— Required action —
Could every line below be written out exactly as it appears?
[Opening Extracted material section]
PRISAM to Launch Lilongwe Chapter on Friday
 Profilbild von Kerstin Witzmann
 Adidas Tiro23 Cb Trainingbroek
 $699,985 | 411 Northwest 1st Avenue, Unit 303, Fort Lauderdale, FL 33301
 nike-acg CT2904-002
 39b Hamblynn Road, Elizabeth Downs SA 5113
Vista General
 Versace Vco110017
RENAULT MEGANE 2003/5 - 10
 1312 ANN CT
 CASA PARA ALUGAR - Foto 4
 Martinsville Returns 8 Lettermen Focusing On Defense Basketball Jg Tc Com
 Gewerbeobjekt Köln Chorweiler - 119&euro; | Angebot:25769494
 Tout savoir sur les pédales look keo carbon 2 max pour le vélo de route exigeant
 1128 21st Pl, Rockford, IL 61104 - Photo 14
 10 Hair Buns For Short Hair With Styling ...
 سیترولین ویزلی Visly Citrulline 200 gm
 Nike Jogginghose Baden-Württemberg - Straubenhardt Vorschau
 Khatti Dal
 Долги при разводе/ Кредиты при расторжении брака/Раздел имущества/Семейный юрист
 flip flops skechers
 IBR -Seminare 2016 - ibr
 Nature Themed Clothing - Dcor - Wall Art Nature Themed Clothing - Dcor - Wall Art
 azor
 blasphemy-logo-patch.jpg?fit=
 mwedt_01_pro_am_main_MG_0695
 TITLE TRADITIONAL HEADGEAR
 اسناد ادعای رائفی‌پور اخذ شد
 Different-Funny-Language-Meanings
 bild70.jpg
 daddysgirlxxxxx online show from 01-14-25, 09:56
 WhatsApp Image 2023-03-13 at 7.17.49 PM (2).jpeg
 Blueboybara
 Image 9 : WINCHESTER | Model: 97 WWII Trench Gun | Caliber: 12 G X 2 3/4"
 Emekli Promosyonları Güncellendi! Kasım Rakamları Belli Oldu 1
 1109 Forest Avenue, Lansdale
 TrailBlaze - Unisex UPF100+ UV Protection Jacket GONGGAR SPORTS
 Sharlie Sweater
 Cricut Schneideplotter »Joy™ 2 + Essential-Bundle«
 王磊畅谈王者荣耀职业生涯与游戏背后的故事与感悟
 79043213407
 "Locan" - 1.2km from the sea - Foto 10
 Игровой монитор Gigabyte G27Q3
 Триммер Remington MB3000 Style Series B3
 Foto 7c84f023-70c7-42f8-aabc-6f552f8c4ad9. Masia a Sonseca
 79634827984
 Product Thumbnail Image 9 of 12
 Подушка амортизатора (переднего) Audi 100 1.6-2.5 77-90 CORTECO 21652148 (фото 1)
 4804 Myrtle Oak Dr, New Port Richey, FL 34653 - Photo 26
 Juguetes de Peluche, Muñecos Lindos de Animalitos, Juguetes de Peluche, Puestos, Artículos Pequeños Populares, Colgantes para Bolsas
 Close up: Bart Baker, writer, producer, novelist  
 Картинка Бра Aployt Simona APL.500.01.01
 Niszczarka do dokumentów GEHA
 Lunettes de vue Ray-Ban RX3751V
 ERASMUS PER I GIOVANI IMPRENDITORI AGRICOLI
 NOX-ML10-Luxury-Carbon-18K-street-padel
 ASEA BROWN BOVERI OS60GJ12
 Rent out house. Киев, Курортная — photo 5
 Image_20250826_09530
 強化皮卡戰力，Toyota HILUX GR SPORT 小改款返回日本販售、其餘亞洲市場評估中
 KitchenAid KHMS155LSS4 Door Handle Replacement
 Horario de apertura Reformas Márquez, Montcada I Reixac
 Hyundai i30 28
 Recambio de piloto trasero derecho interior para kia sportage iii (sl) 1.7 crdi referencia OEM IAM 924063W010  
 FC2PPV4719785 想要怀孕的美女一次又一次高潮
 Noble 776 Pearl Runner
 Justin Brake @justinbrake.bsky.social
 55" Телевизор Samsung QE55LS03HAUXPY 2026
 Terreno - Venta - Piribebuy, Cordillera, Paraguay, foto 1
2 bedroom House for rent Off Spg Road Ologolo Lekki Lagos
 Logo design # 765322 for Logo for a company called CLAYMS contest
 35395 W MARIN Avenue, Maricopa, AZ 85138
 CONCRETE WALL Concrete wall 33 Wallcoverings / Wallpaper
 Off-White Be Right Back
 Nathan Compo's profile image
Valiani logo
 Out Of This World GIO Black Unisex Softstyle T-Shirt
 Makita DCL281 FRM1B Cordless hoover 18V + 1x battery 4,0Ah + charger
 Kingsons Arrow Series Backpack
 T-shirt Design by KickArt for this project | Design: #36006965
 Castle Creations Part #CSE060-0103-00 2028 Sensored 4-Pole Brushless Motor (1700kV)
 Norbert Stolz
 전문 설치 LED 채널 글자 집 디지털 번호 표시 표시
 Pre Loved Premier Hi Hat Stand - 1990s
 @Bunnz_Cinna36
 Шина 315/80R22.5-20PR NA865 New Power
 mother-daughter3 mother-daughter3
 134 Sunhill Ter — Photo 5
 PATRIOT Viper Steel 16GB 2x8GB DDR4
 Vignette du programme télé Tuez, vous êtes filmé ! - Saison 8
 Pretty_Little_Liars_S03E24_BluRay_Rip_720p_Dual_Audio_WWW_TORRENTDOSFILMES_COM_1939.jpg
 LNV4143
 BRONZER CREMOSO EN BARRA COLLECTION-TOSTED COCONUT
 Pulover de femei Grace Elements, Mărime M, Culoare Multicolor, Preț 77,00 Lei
[Closing Extracted material section]
— Answer area —
PRISAM to Launch Lilongwe Chapter on Friday
 Profilbild von Kerstin Witzmann
 Adidas Tiro23 Cb Trainingbroek
 $699,985 | 411 Northwest 1st Avenue, Unit 303, Fort Lauderdale, FL 33301
 nike-acg CT2904-002
 39b Hamblynn Road, Elizabeth Downs SA 5113
Vista General
 Versace Vco110017
RENAULT MEGANE 2003/5 - 10
 1312 ANN CT
 CASA PARA ALUGAR - Foto 4
 Martinsville Returns 8 Lettermen Focusing On Defense Basketball Jg Tc Com
 Gewerbeobjekt Köln Chorweiler - 119&euro; | Angebot:25769494
 Tout savoir sur les pédales look keo carbon 2 max pour le vélo de route exigeant
 1128 21st Pl, Rockford, IL 61104 - Photo 14
 10 Hair Buns For Short Hair With Styling ...
 سیترولین ویزلی Visly Citrulline 200 gm
 Nike Jogginghose Baden-Württemberg - Straubenhardt Vorschau
 Khatti Dal
 Долги при разводе/ Кредиты при расторжении брака/Раздел имущества/Семейный юрист
 flip flops skechers
 IBR -Seminare 2016 - ibr
 Nature Themed Clothing - Dcor - Wall Art Nature Themed Clothing - Dcor - Wall Art
 azor
 blasphemy-logo-patch.jpg?fit=
 mwedt_01_pro_am_main_MG_0695
 TITLE TRADITIONAL HEADGEAR
 اسناد ادعای رائفی‌پور اخذ شد
 Different-Funny-Language-Meanings
 bild70.jpg
 daddysgirlxxxxx online show from 01-14-25, 09:56
 WhatsApp Image 2023-03-13 at 7.17.49 PM (2).jpeg
 Blueboybara
 Image 9 : WINCHESTER | Model: 97 WWII Trench Gun | Caliber: 12 G X 2 3/4"
 Emekli Promosyonları Güncellendi! Kasım Rakamları Belli Oldu 1
 1109 Forest Avenue, Lansdale
 TrailBlaze - Unisex UPF100+ UV Protection Jacket GONGGAR SPORTS
 Sharlie Sweater
 Cricut Schneideplotter »Joy™ 2 + Essential-Bundle«
 王磊畅谈王者荣耀职业生涯与游戏背后的故事与感悟
 79043213407
 "Locan" - 1.2km from the sea - Foto 10
 Игровой монитор Gigabyte G27Q3
 Триммер Remington MB3000 Style Series B3
 Foto 7c84f023-70c7-42f8-aabc-6f552f8c4ad9. Masia a Sonseca
 79634827984
 Product Thumbnail Image 9 of 12
 Подушка амортизатора (переднего) Audi 100 1.6-2.5 77-90 CORTECO 21652148 (фото 1)
 4804 Myrtle Oak Dr, New Port Richey, FL 34653 - Photo 26
 Juguetes de Peluche, Muñecos Lindos de Animalitos, Juguetes de Peluche, Puestos, Artículos Pequeños Populares, Colgantes para Bolsas
 Close up: Bart Baker, writer, producer, novelist  
 Картинка Бра Aployt Simona APL.500.01.01
 Niszczarka do dokumentów GEHA
 Lunettes de vue Ray-Ban RX3751V
 ERASMUS PER I GIOVANI IMPRENDITORI AGRICOLI
 NOX-ML10-Luxury-Carbon-18K-street-padel
 ASEA BROWN BOVERI OS60GJ12
 Rent out house. Киев, Курортная — photo 5
 Image_20250826_09530
 強化皮卡戰力，Toyota HILUX GR SPORT 小改款返回日本販售、其餘亞洲市場評估中
 KitchenAid KHMS155LSS4 Door Handle Replacement
 Horario de apertura Reformas Márquez, Montcada I Reixac
 Hyundai i30 28
 Recambio de piloto trasero derecho interior para kia sportage iii (sl) 1.7 crdi referencia OEM IAM 924063W010  
 FC2PPV4719785 想要怀孕的美女一次又一次高潮
 Noble 776 Pearl Runner
 Justin Brake @justinbrake.bsky.social
 55" Телевизор Samsung QE55LS03HAUXPY 2026
 Terreno - Venta - Piribebuy, Cordillera, Paraguay, foto 1
2 bedroom House for rent Off Spg Road Ologolo Lekki Lagos
 Logo design # 765322 for Logo for a company called CLAYMS contest
 35395 W MARIN Avenue, Maricopa, AZ 85138
 CONCRETE WALL Concrete wall 33 Wallcoverings / Wallpaper
 Off-White Be Right Back
 Nathan Compo's profile image
Valiani logo
 Out Of This World GIO Black Unisex Softstyle T-Shirt
 Makita DCL281 FRM1B Cordless hoover 18V + 1x battery 4,0Ah + charger
 Kingsons Arrow Series Backpack
 T-shirt Design by KickArt for this project | Design: #36006965
 Castle Creations Part #CSE060-0103-00 2028 Sensored 4-Pole Brushless Motor (1700kV)
 Norbert Stolz
 전문 설치 LED 채널 글자 집 디지털 번호 표시 표시
 Pre Loved Premier Hi Hat Stand - 1990s
 @Bunnz_Cinna36
 Шина 315/80R22.5-20PR NA865 New Power
 mother-daughter3 mother-daughter3
 134 Sunhill Ter — Photo 5
 PATRIOT Viper Steel 16GB 2x8GB DDR4
 Vignette du programme télé Tuez, vous êtes filmé ! - Saison 8
 Pretty_Little_Liars_S03E24_BluRay_Rip_720p_Dual_Audio_WWW_TORRENTDOSFILMES_COM_1939.jpg
 LNV4143
 BRONZER CREMOSO EN BARRA COLLECTION-TOSTED COCONUT
 Pulover de femei Grace Elements, Mărime M, Culoare Multicolor, Preț 77,00 Lei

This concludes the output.